I'm new to this machine learning and using this boston dataset for predictions. Everything except the result for precision_score and accuracy_score is working fine . This is what i have done :
import pandas as pd
import sklearn
from sklearn.linear_model import LinearRegression
from sklearn import preprocessing,cross_validation, svm
from sklearn.datasets import load_boston
import numpy as np
from sklearn.metrics import accuracy_score, f1_score, precision_score, recall_score, classification_report, confusion_matrix
boston = load_boston()
df = pd.DataFrame(boston.data)
df.columns= boston.feature_names
df['Price']= boston.target
X = np.array(df.drop(['Price'],axis=1), dtype=np.float64)
X = preprocessing.scale(X)
y = np.array(df['Price'], dtype=np.float64)
print (len(X[:,6:7]),len(y))
X_train,X_test,y_train,y_test=cross_validation.train_test_split(X,y,test_size=0.30)
clf =LinearRegression()
clf.fit(X_train,y_train)
y_predict = clf.predict(X_test)
print(y_predict,len(y_predict))
print (accuracy_score(y_test, y_predict))

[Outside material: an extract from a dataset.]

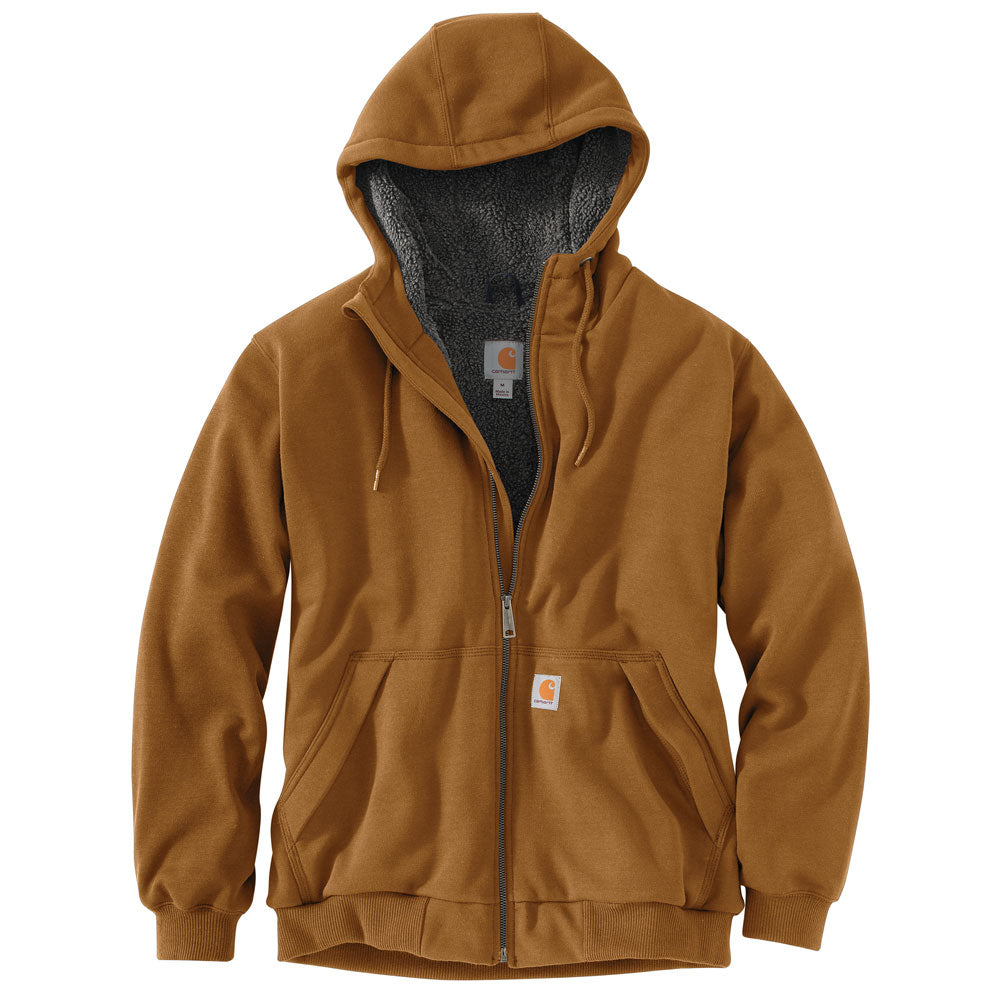 Carhartt Rockland Rain Defender Sherpa-Lined Hooded Sweatshirt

print(precision_score(y_test, y_predict,average = 'macro'))
Now i get the following error:
File "LinearRegression.py", line 33, in
accuracy = accuracy_score(y_test, y_predict) File "/usr/local/lib/python2.7/dist-packages/sklearn/metrics/classification.py",
line 172, in accuracy_score
y_type, y_true, y_pred = _check_targets(y_true, y_pred)

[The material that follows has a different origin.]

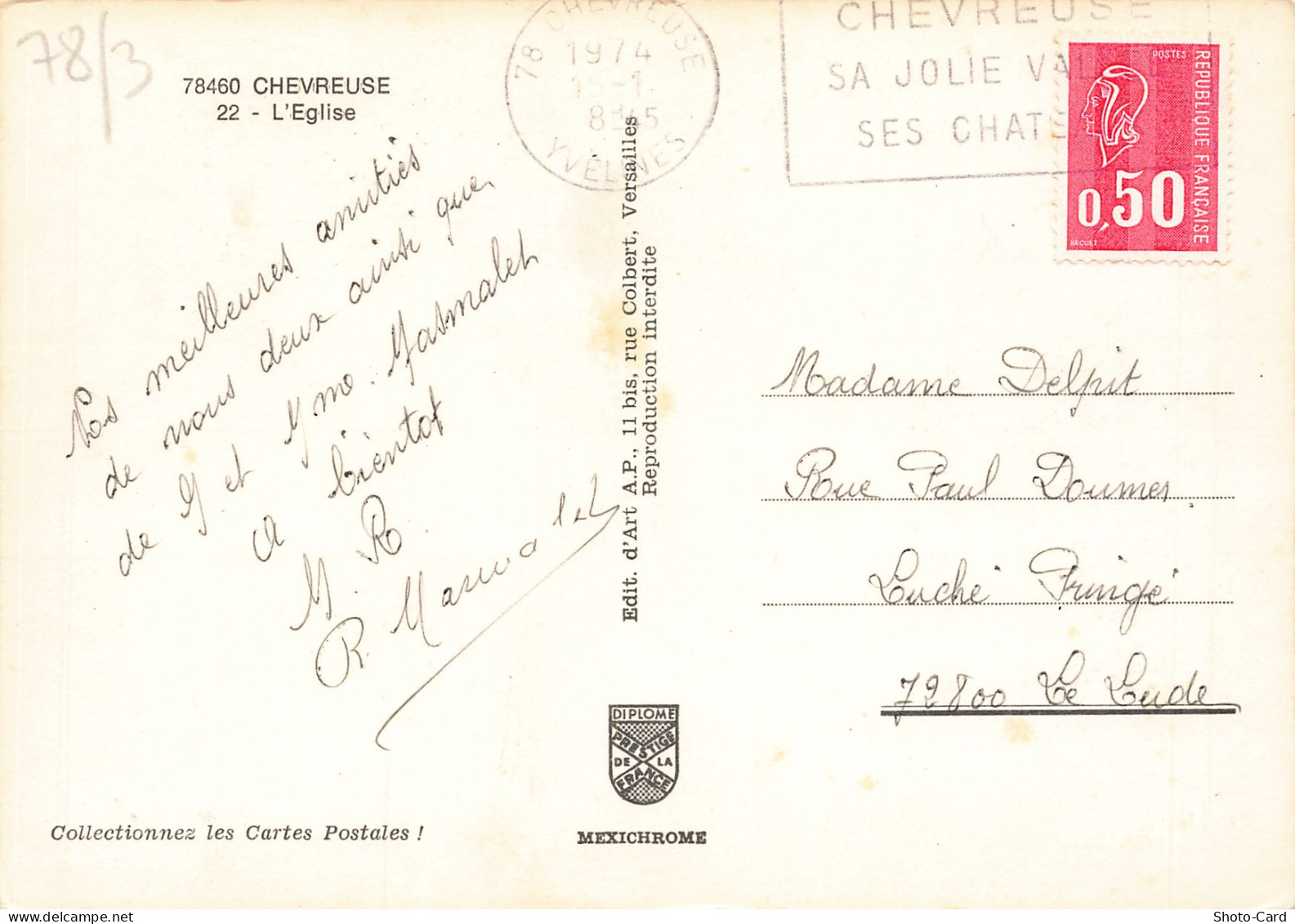 78 CHEVREUSE L EGLISE - Chevreuse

File "/usr/local/lib/python2.7/dist-packages/sklearn/metrics/classification.py", line 89, in _check_targets
raise ValueError("{0} is not supported".format(y_type)) ValueError: continuous is not supported
You are using a linear Regression model as
clf = LinearRegression()
which predicts continuous values. eg: 1.2, 1.3
Whereas accuracy_score(y_test, y_predict)
expects boolean values. 1 or 0 (true or false) or categorical values like 1,2,3,4 etc.. Where the numbers act as categories.
That's why you are getting an error.
How to solve this?
Since you are trying to predict Price
on boston data which is a continuous value. I recommend you change your error measure from accuracy to RMSE or MSE
Replace:
print(accuracy_score(y_test, y_predict))
with:
from sklearn.metrics import mean_squared_error
print(mean_squared_error(y_test, y_predict))
That will solve your problem.